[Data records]
============================================================

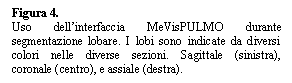 Text Box: Figura 4.  
Uso dell'interfaccia MeVisPULMO durante segmentazione lobare. I lobi sono indicate da diversi colori nelle diverse sezioni. Sagittale (sinistra), coronale (centro), e assiale (destra). 
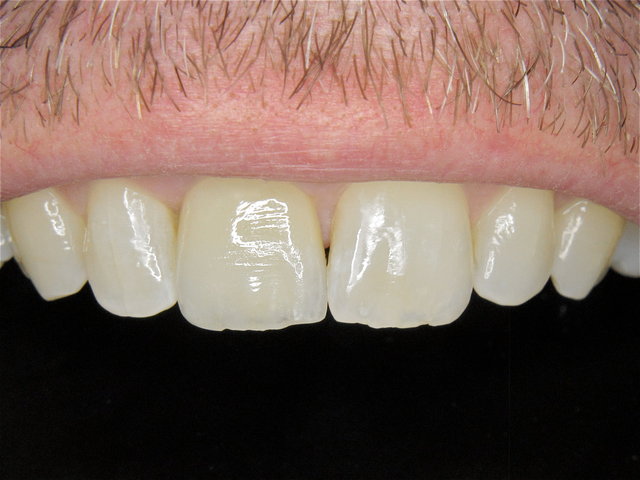 Implantatkrone by CLINICDENT ✓
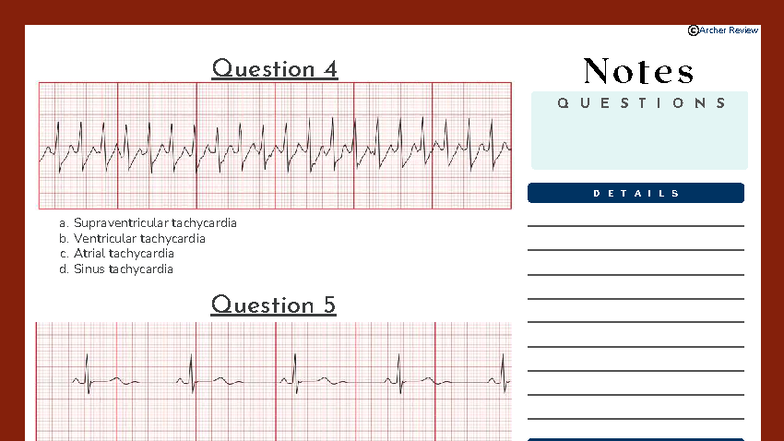 Archer Review: Cardiac Rhythm Questions & Answers - Studocu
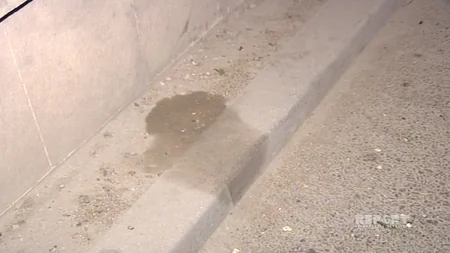 Bakıda orta yaşlı kişi naməlum şəraitdə bıçaqlanıb  - FOTO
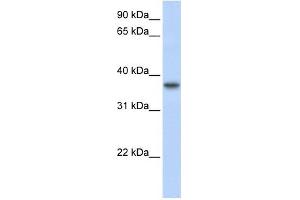 TMEM173 antibody used at 1 ug/ml to detect target protein. (STING/TMEM173 Antikörper  (Middle Region))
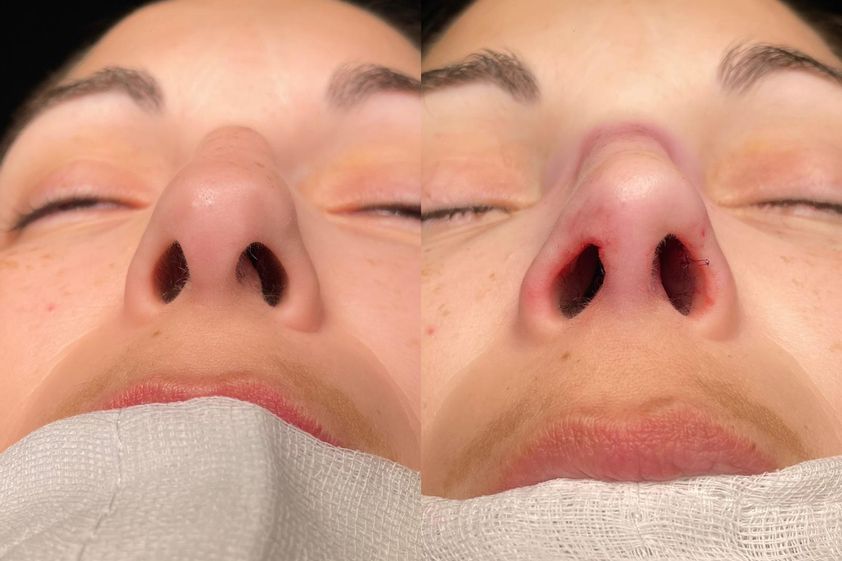 Rinoplastia antes y después - 857457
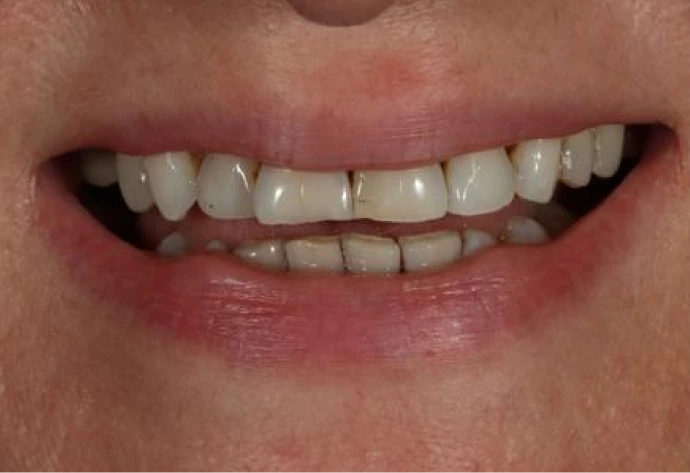 Patient's smile before porcelain veneers, showing uneven and discolored teeth
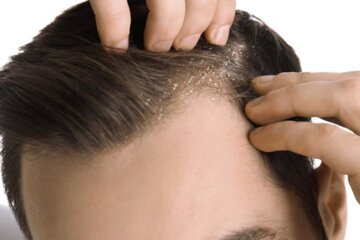 ۵ عامل موثر در افزایش شوره سر ۵ عامل موثر در افزایش شوره سر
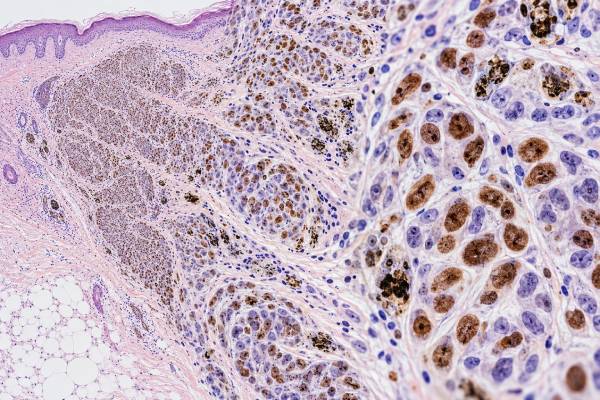 MITF IHC Test Melanoma Marker, Melanocytic Tumor Diagnosis, and Positive Staining The MITF IHC test is a nuclear melanocytic marker used in melanoma diagnosis. Learn what positive staining means, how MITF compares with SOX10 and Melan-A, and its key limitations.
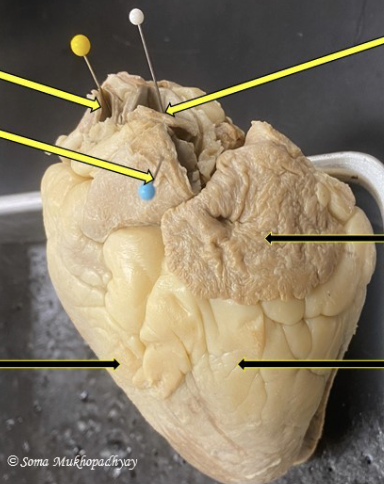 <p>is this the anterior view or posterior view<br>label from top to bottom&nbsp;</p>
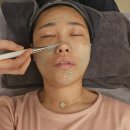 예스필의원 | 압구정 예스필 필링 피부시술 솔직후기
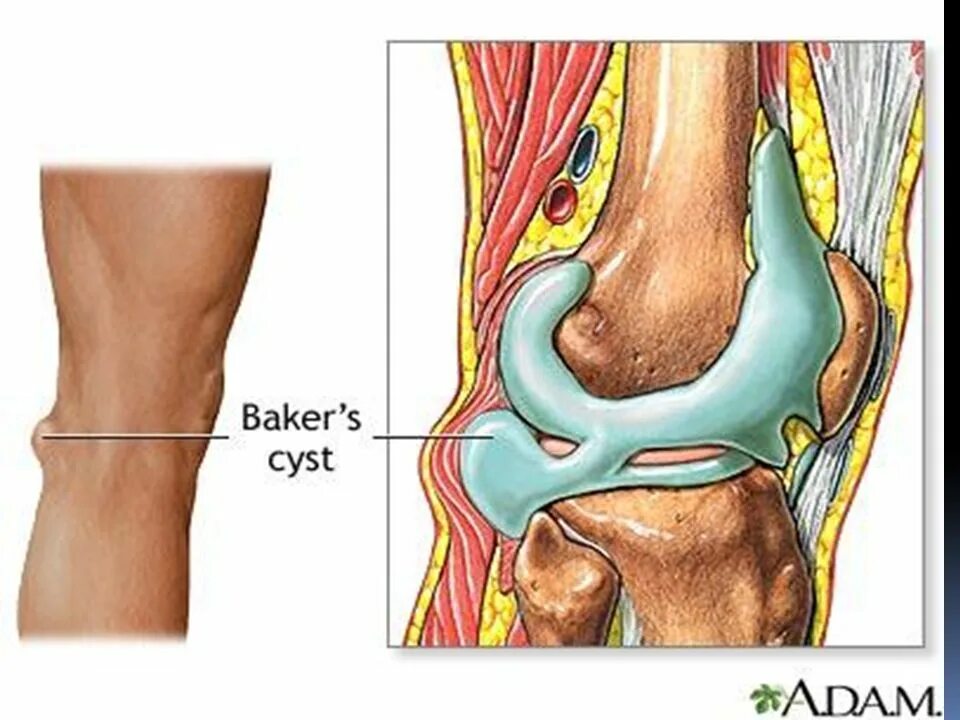 Ноги при грыже позвоночника. Защемило седалищный нерв. Грыжа в ноге как лечить. Подколенная грыжа бехтерева. Грыжа позвоночника и ишиалгия.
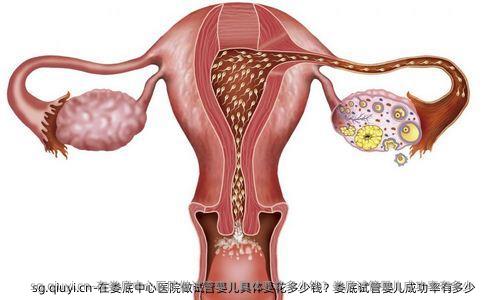 在娄底中心医院做试管婴儿具体要花多少钱？娄底试管婴儿成功率有多少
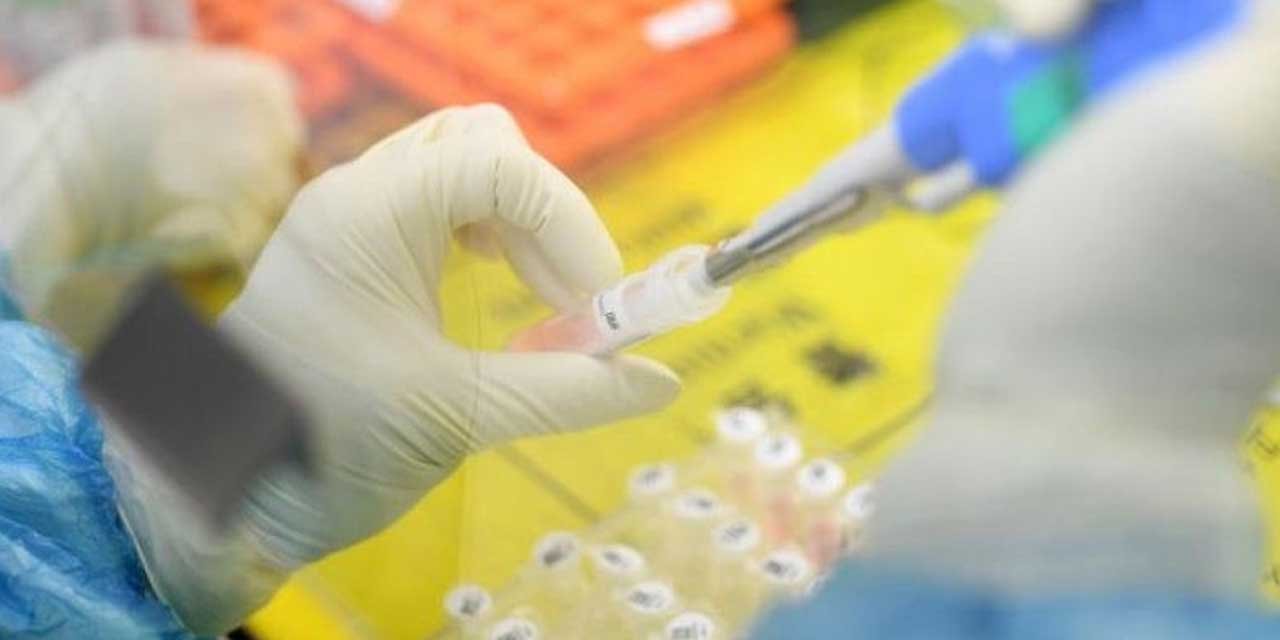 Türkiye 65 şehirde 114 laboratuvarıyla koronavirüsle savaşmaya devam ediyor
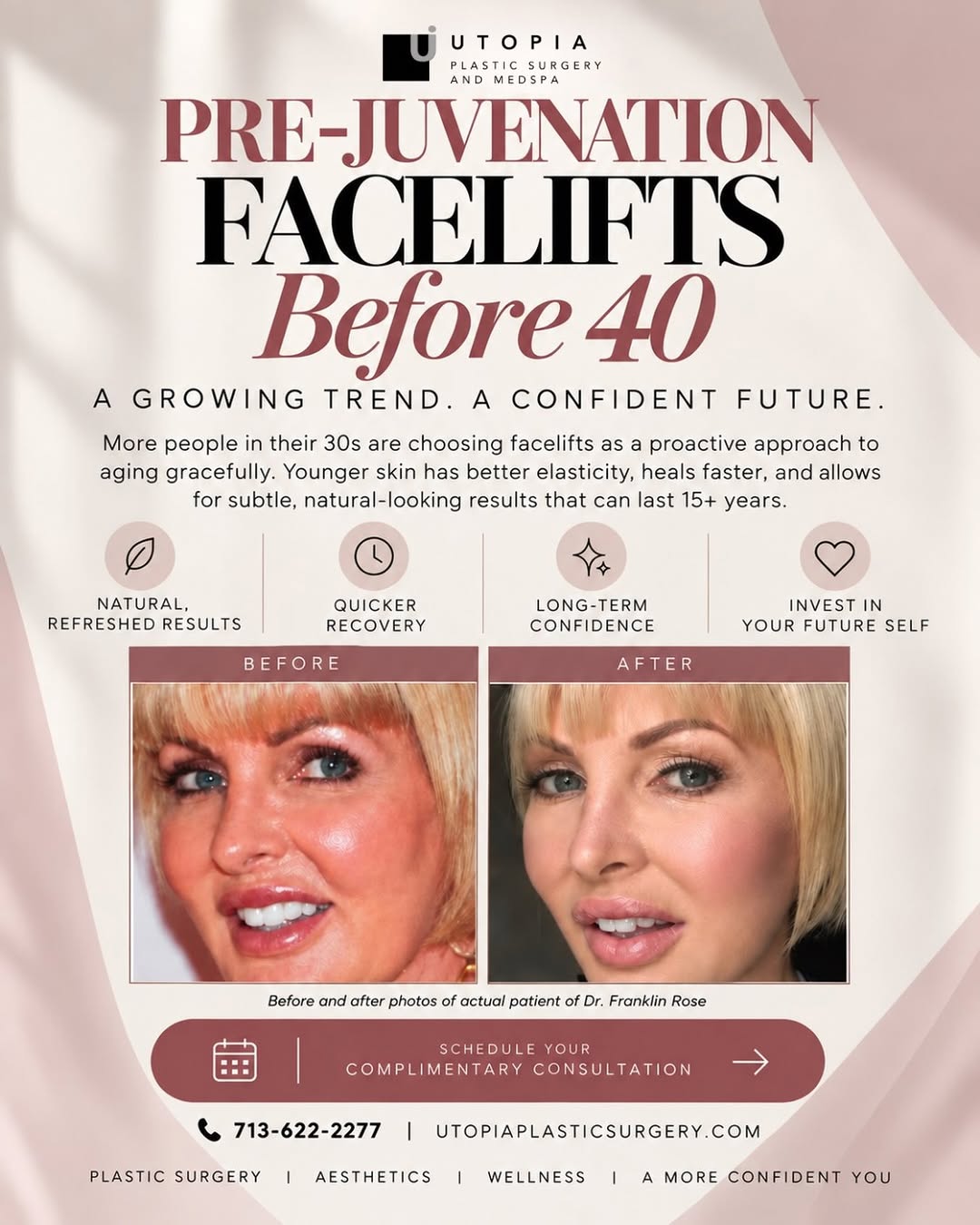 Instagram post by Dr. Franklin A. Rose: Pre-juvenation is changing the conversation around facelifts. ✨ More patients in their 30s are taking a proactive approach to aging, choosin…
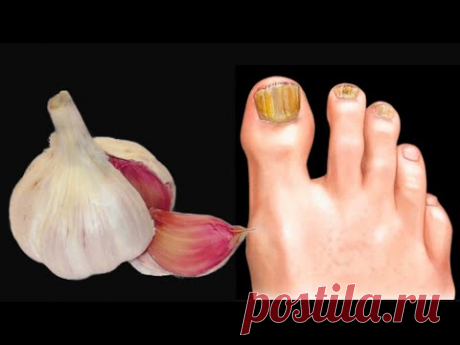 Мгновенно удаляет грибок ногтей, как ластик!
Ингредиенты:
1 чеснок
Сок половины лимона
2 стакана воды
1 столовая ложка водки
1 столовая ложка разрыхлителя
1 столовая ложка морской соли
1 столовая ложка оливкового масла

============================================================

TASK DETAILS — Reproduce, word for word, the lines from the one containing "Bakıda orta yaşlı" through the final line above. Leave every picture out.

EXERCISE RESULT —
 Bakıda orta yaşlı kişi naməlum şəraitdə bıçaqlanıb  - FOTO
 TMEM173 antibody used at 1 ug/ml to detect target protein. (STING/TMEM173 Antikörper  (Middle Region))
 Rinoplastia antes y después - 857457
 Patient's smile before porcelain veneers, showing uneven and discolored teeth
 ۵ عامل موثر در افزایش شوره سر ۵ عامل موثر در افزایش شوره سر
 MITF IHC Test Melanoma Marker, Melanocytic Tumor Diagnosis, and Positive Staining The MITF IHC test is a nuclear melanocytic marker used in melanoma diagnosis. Learn what positive staining means, how MITF compares with SOX10 and Melan-A, and its key limitations.
 <p>is this the anterior view or posterior view<br>label from top to bottom&nbsp;</p>
 예스필의원 | 압구정 예스필 필링 피부시술 솔직후기
 Ноги при грыже позвоночника. Защемило седалищный нерв. Грыжа в ноге как лечить. Подколенная грыжа бехтерева. Грыжа позвоночника и ишиалгия.
 在娄底中心医院做试管婴儿具体要花多少钱？娄底试管婴儿成功率有多少
 Türkiye 65 şehirde 114 laboratuvarıyla koronavirüsle savaşmaya devam ediyor
 Instagram post by Dr. Franklin A. Rose: Pre-juvenation is changing the conversation around facelifts. ✨ More patients in their 30s are taking a proactive approach to aging, choosin…
 Мгновенно удаляет грибок ногтей, как ластик!
Ингредиенты:
1 чеснок
Сок половины лимона
2 стакана воды
1 столовая ложка водки
1 столовая ложка разрыхлителя
1 столовая ложка морской соли
1 столовая ложка оливкового масла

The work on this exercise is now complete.